2 Department of Sociology, 3219 Turlington Hall, University of Florida, PO Box 117330, Gainesville, FL 32611-7330, USA.
3 Center for Latin American Studies, 319 Grinter Hall, University of Florida, PO Box115530, Gainesville, FL 32611-5530, USA.
4 Woods Hole Research Center, 149 Woods Hole Road, Falmouth, MA 025401644, USA.
Department of Sociology, 3219 Turlington Hall, University of Florida, PO Box 117330, Gainesville, FL 32611-7330, USA.
Source of Support: None, Conflict of Interest: None
Infrastructure projects are crucial for regional development, but they often lack participatory planning processes.
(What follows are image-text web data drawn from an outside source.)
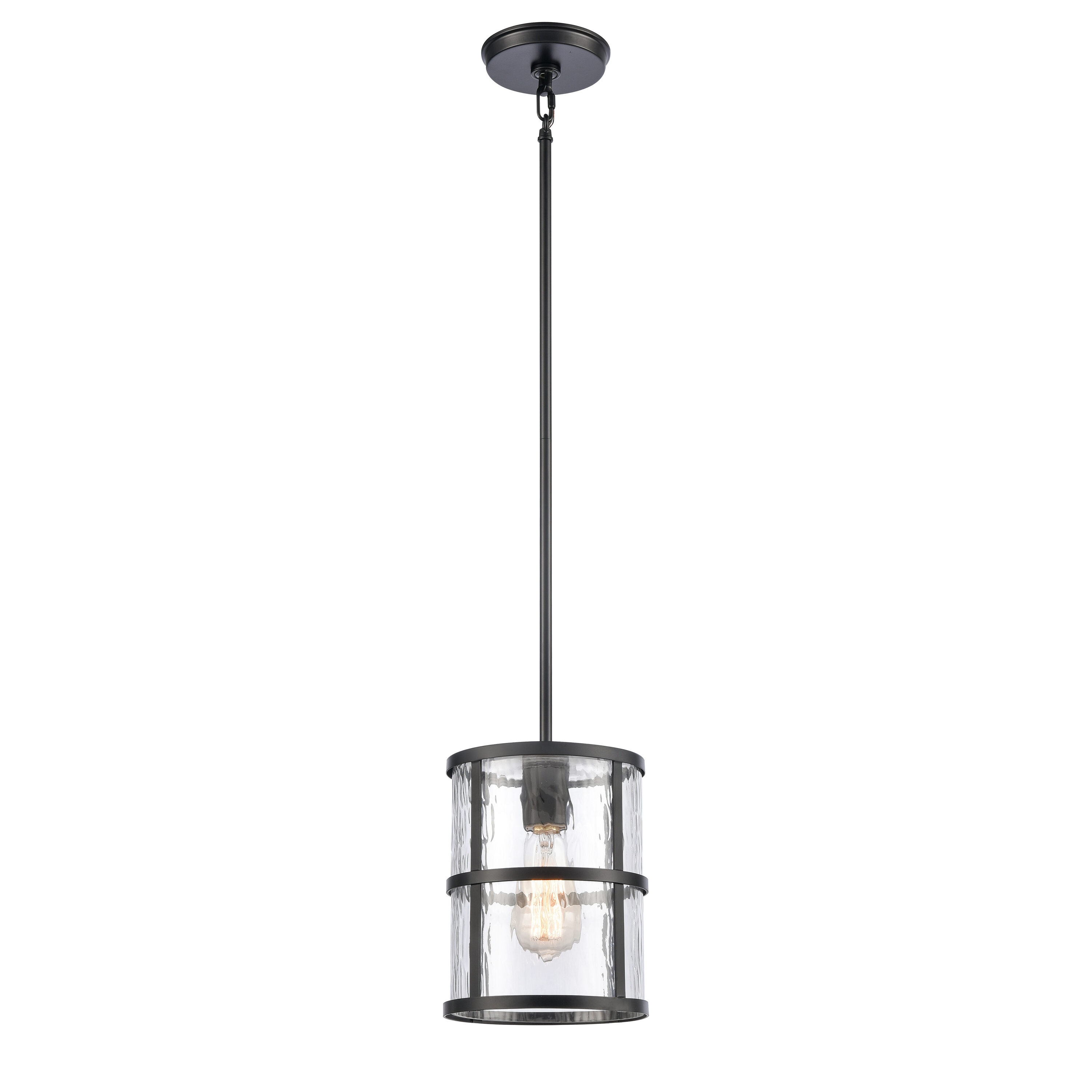 Westmore by ELK Lighting LW-220711196 Current 1 -Light Black Transitional Clear glass Cylinder Mini Hanging Pendant light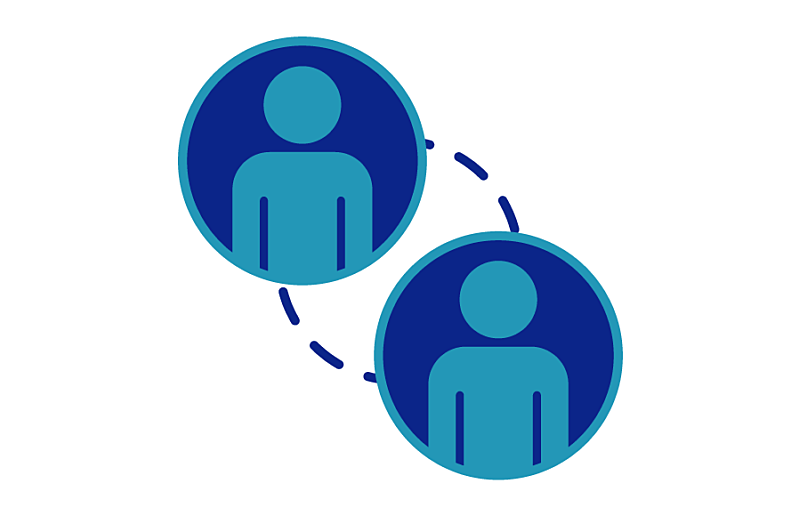 A blue and teal icon of two separate circles each containing the figure of a person connected by black dotted lines.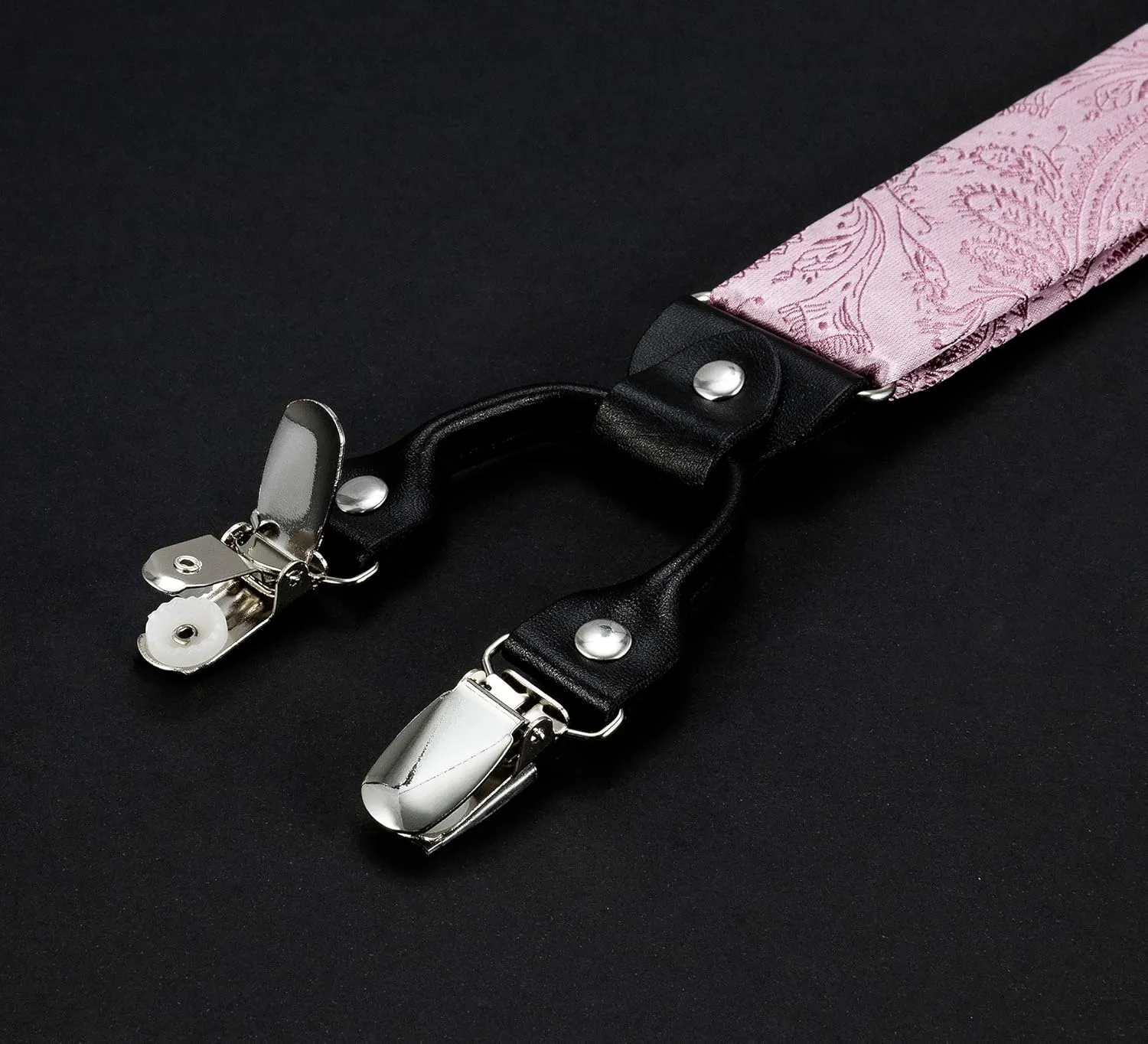 TIE G Paisley Suspender, Bow Tie, Pocket Square Set for Men's Tuxedo Suspenders : Adjustable Braces, Strong Enhanced 6 Clips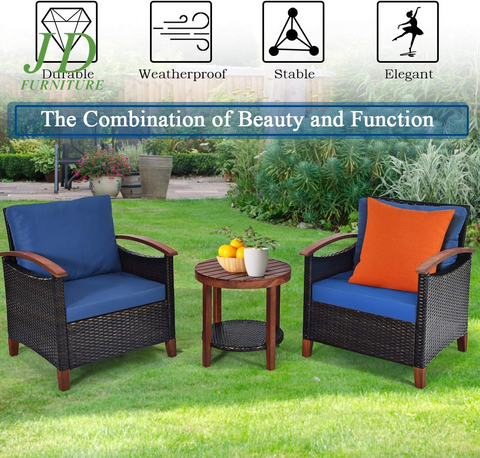 3-Piece Patio Furniture Set – Outdoor Rattan Sofa & Side Table with Acacia Wood Frame, Navy Blue Cushions (Removable & Washable)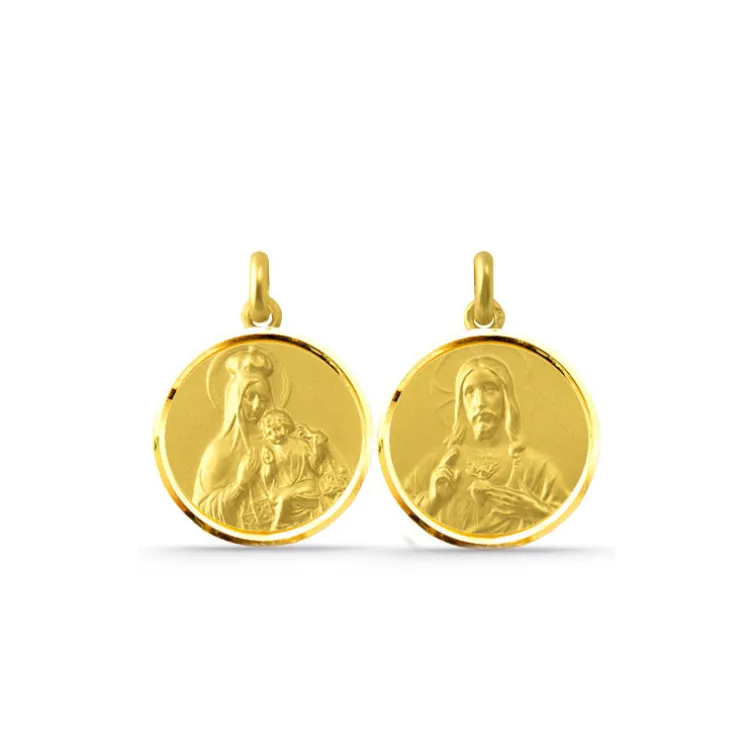 Escapulario Virgen del Carmen y Sagrado Corazón 18K Bisel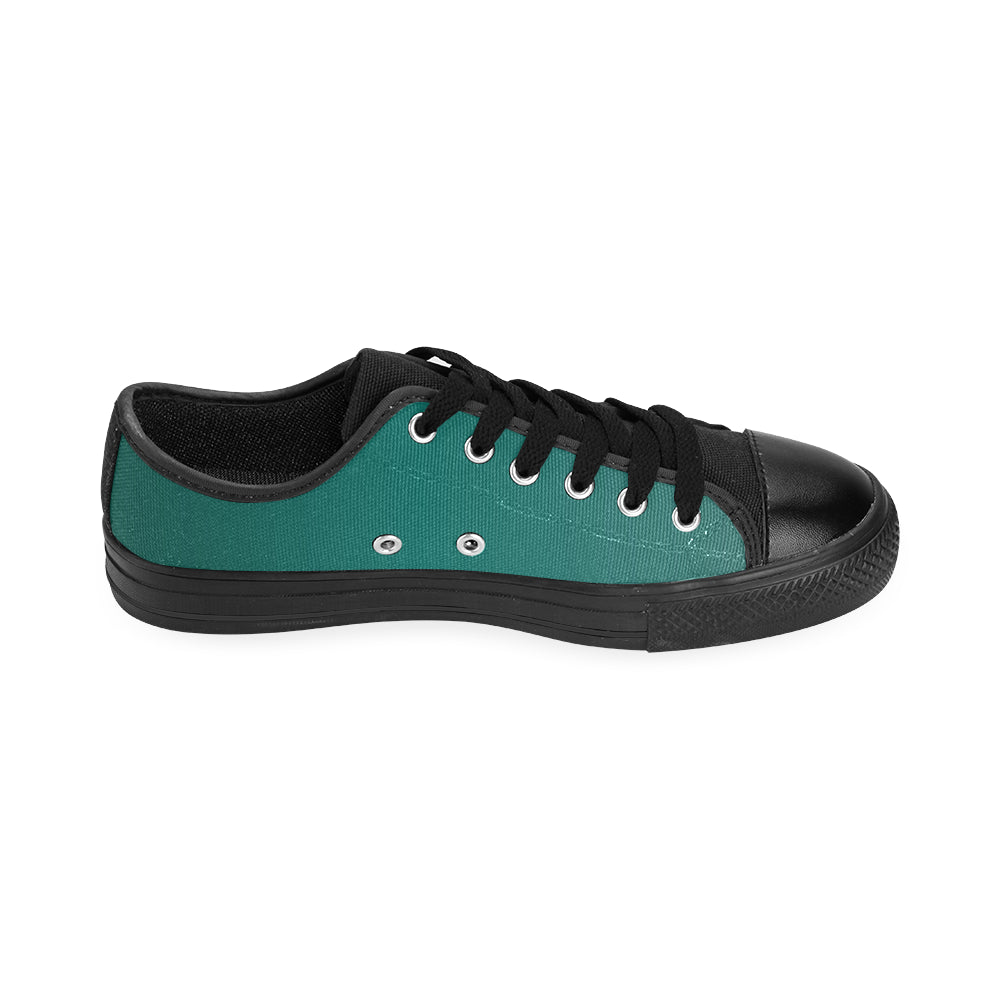 Women's Bottle Green Solids Print Canvas Low Top Shoes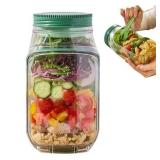Salad Jar with Side Opening Leakproof Dressing Layer Portable Lunch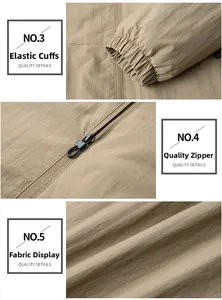 Close-up of beige outdoor jacket showing elastic cuffs and high-quality zipper detail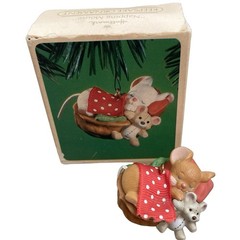 Hallmark 1984 Napping Brown Mouse Keepsake Ornament Sleeping Teddy Christmas MIB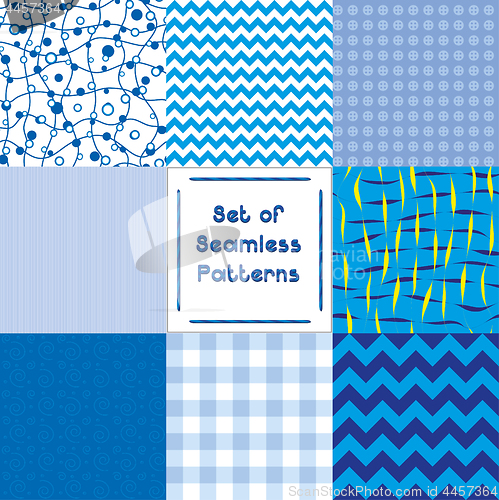Image of Set of abstract seamless backgrounds with blue pattern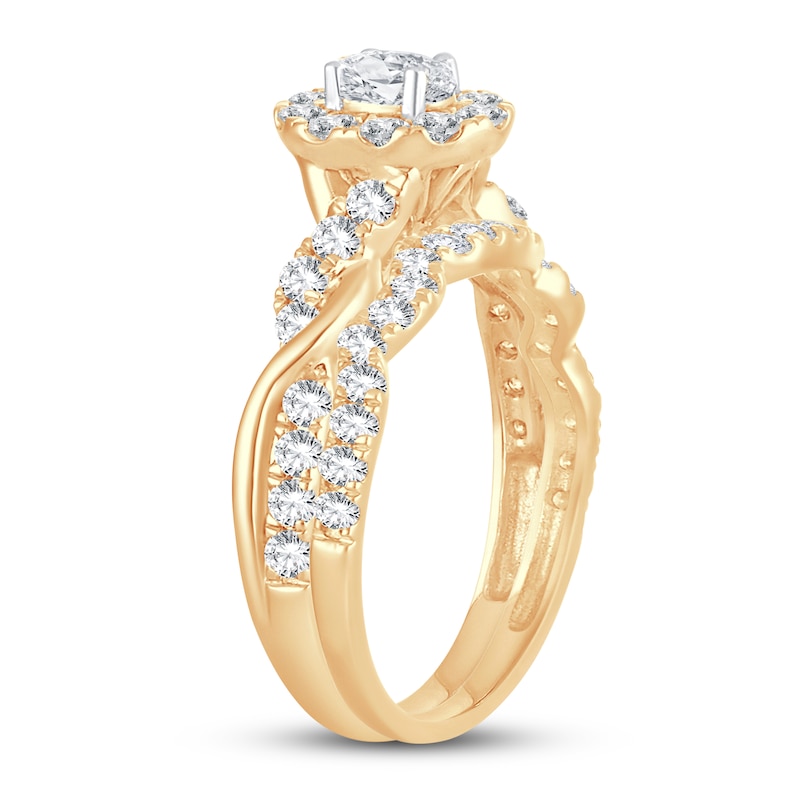 Main Image 2 of Diamond Bridal Set 1 ct tw Oval/Round-cut 14K Yellow Gold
As a result, they often generate negative socio-economic and biophysical impacts, threatening local livelihoods as well as environmental conservation. The Amazon is an instructive example, where new infrastructure projects may repeat the deforestation and social conflict seen around earlier road projects. This article considers the case of the Inter-Oceanic Highway, being paved through the tri-national frontier in the southwestern Amazon where Brazil, Bolivia and Peru meet. To raise local awareness and to facilitate public participation in planning to mitigate negative road impacts, we conducted multistakeholder workshops in eighteen municipalities along this road corridor. Participants identified and prioritised infrastructure, social, environmental, economic and political problems related to road paving. They also created their own land-use maps for purposes of land-use planning. Such exercises can broaden public participation in planning to mitigate the negative impacts of infrastructure projects.